The Schütte-Lanz D.VI was a single engine, parasol wing fighter aircraft designed and built in Germany towards the end of World War I. It had a very short career, crashing on its first flight.

==Design==

The wing of the D.VI was of constant chord, with straight edges and square tips. It was mounted with slight sweep over the fuselage, parasol fashion, primarily braced by a pair of long parallel struts on each side from the lower fuselage to points well out along the wings. It was supported centrally on two outward leaning pairs of short parallel cabane struts from the upper fuselage. Unusually the space between each main strut pair was faired-in with a lift-providing aerofoil, supplementing the wing.

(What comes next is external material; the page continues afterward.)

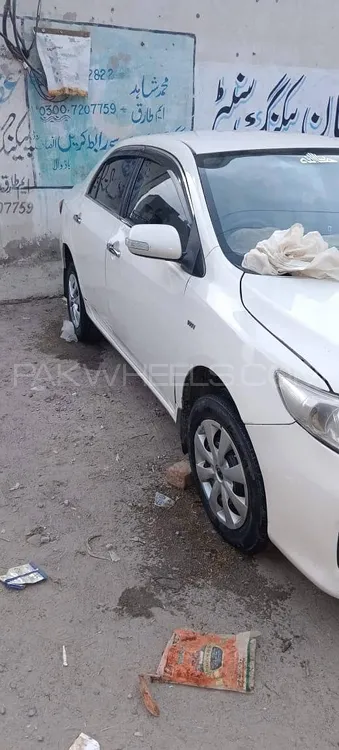 Toyota Corolla 2014 for Sale in Faisalabad Image-1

These surfaces extended from the lower fuselage strut junction to the level of the cockpit and upper fuselage, the rest of the struts being normally exposed.

The D.VI was powered by a 160 hp Mercedes D.III water cooled six cylinder inline engine. The fuselage behind was rectangular in cross section and flat sided, with the single cockpit under the wing trailing edge where there was a small cut-out to aid the pilot's vision. The tailplane was placed on top of the fuselage and like the vertical tail was essentially straight edged. The rudder was balanced and extended down to the keel, moving in a cut-out between the elevators. The fixed conventional undercarriage had a single axle mounted on a pair of V-struts, aided by a sprung tailskid.

Its first flight was on 29 May 1918. It crashed and was seriously damaged, but never rebuilt.